◆ **TASK ITEM**
Locate the word "with" in the material, then show every line that holds it.

◆ **EXERCISE INPUTS**
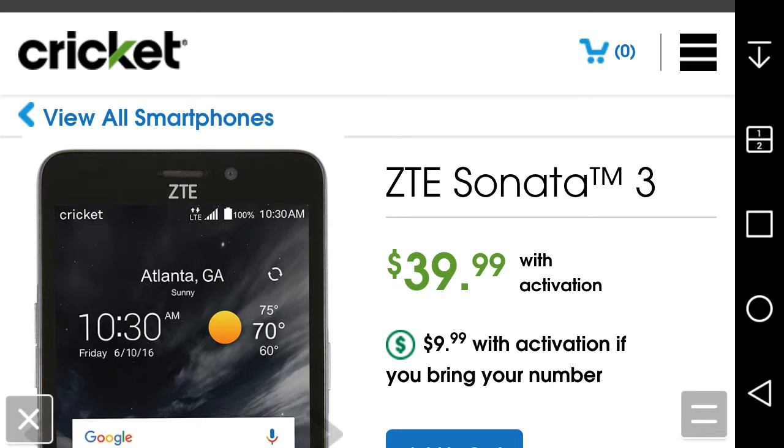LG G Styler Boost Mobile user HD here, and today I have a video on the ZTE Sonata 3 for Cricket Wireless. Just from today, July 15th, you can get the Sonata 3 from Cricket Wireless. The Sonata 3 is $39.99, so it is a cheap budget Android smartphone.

* * *

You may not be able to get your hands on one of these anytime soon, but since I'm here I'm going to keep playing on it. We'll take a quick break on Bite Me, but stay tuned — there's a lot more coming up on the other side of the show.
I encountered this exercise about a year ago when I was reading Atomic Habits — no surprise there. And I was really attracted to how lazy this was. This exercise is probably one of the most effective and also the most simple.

* * *

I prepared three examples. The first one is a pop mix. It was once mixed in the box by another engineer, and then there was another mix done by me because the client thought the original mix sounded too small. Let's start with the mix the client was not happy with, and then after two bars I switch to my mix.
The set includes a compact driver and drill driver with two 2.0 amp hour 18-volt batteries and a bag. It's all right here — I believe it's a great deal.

◆ **WRITTEN REPLY**
I prepared three examples. The first one is a pop mix. It was once mixed in the box by another engineer, and then there was another mix done by me because the client thought the original mix sounded too small. Let's start with the mix the client was not happy with, and then after two bars I switch to my mix.
The set includes a compact driver and drill driver with two 2.0 amp hour 18-volt batteries and a bag. It's all right here — I believe it's a great deal.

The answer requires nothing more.